What you should do: In this exercise, print only the lines of the records below from the one with "Cannabis Leaf Keychain, Weed" through the one with "line doodle set of feathers looking right grand.", inclusive. Pictures are not part of the copy.

Material shown:

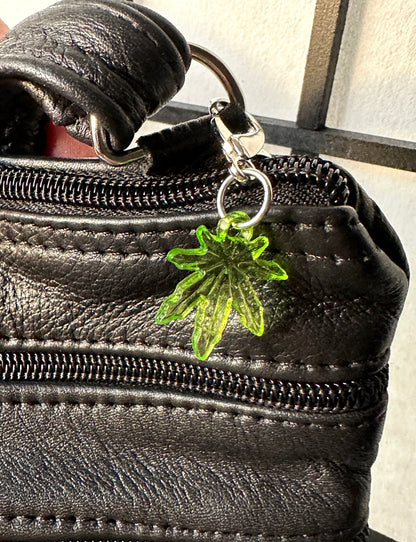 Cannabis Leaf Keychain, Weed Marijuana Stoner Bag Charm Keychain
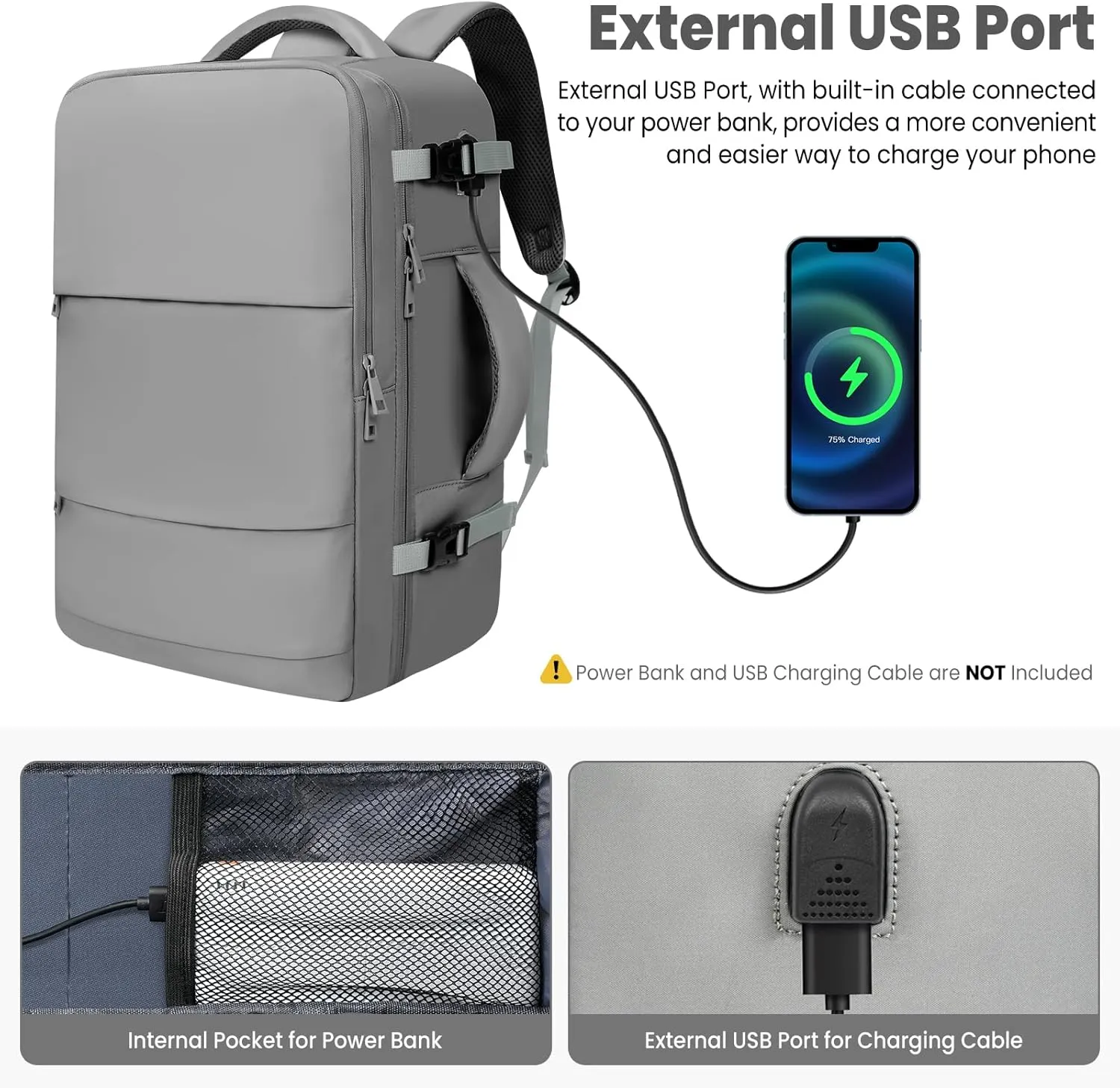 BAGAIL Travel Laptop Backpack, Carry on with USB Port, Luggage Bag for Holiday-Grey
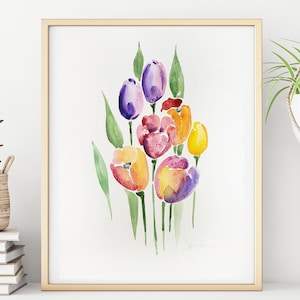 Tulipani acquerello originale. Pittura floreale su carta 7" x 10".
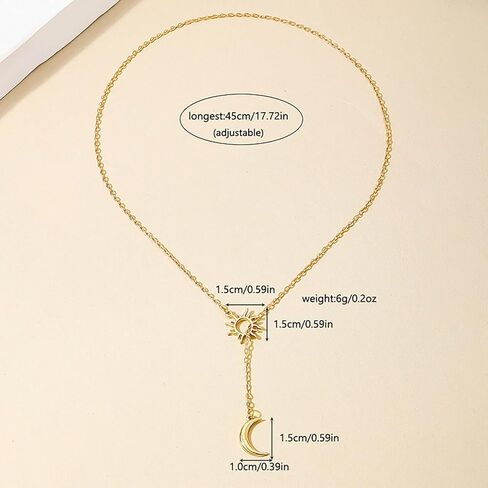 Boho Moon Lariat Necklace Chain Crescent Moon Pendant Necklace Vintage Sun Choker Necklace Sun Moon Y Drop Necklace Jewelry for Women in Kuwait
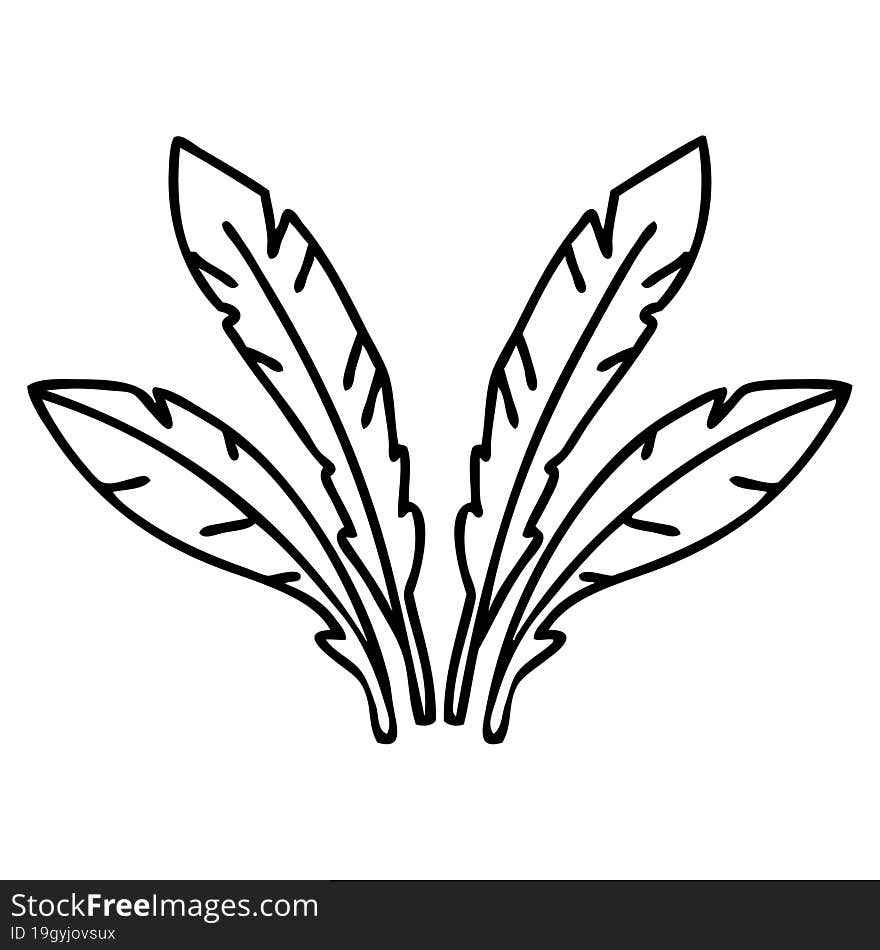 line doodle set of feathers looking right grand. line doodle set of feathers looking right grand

==

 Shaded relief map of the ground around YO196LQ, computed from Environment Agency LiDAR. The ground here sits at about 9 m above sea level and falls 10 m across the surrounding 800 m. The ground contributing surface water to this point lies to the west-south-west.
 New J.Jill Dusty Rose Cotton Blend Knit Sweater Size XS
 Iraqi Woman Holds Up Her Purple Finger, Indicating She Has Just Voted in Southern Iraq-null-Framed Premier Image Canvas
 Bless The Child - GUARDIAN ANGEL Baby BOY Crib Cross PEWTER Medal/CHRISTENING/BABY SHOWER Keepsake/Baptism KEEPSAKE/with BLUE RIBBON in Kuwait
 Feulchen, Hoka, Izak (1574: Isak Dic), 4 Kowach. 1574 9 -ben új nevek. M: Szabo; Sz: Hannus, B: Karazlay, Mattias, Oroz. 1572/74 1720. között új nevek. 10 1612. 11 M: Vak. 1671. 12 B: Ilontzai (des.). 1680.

---

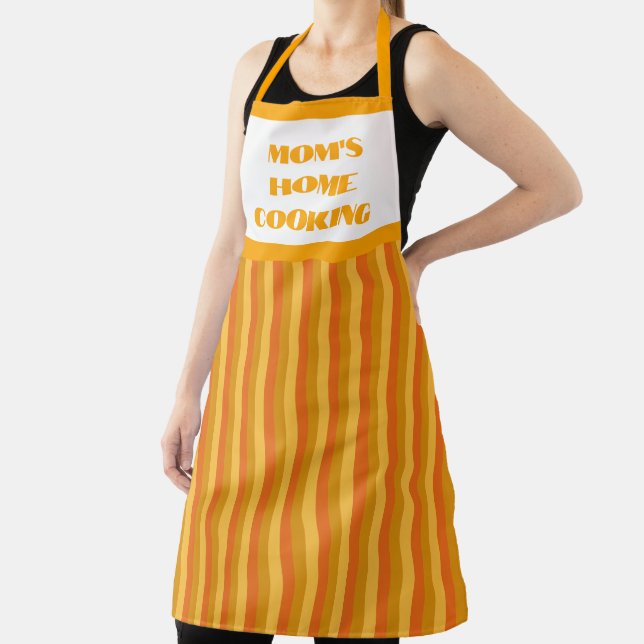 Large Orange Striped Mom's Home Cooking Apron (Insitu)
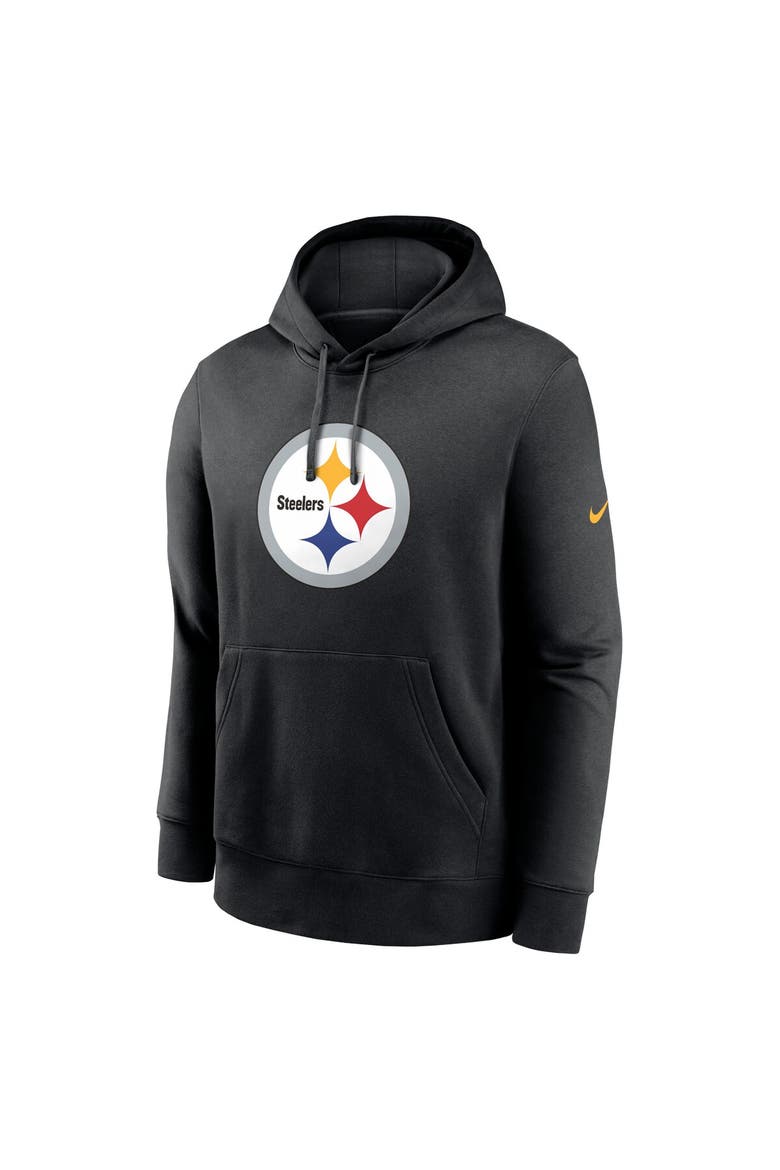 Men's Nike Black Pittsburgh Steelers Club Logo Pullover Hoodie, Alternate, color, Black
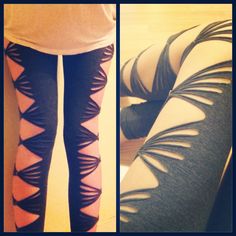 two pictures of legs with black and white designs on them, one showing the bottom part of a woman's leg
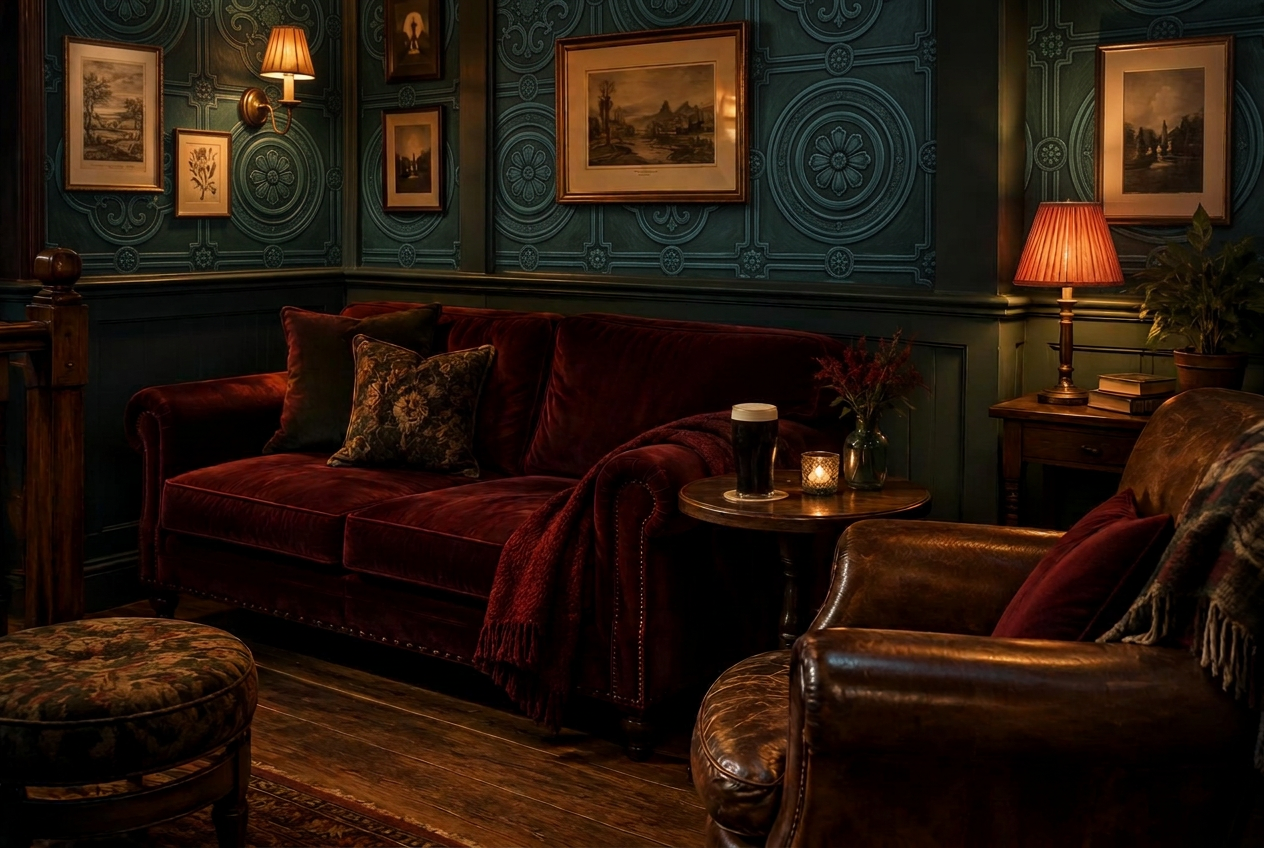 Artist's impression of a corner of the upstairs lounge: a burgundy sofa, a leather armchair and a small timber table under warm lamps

Result for this exercise:
 Cannabis Leaf Keychain, Weed Marijuana Stoner Bag Charm Keychain
 BAGAIL Travel Laptop Backpack, Carry on with USB Port, Luggage Bag for Holiday-Grey
 Tulipani acquerello originale. Pittura floreale su carta 7" x 10".
 Boho Moon Lariat Necklace Chain Crescent Moon Pendant Necklace Vintage Sun Choker Necklace Sun Moon Y Drop Necklace Jewelry for Women in Kuwait
 line doodle set of feathers looking right grand. line doodle set of feathers looking right grand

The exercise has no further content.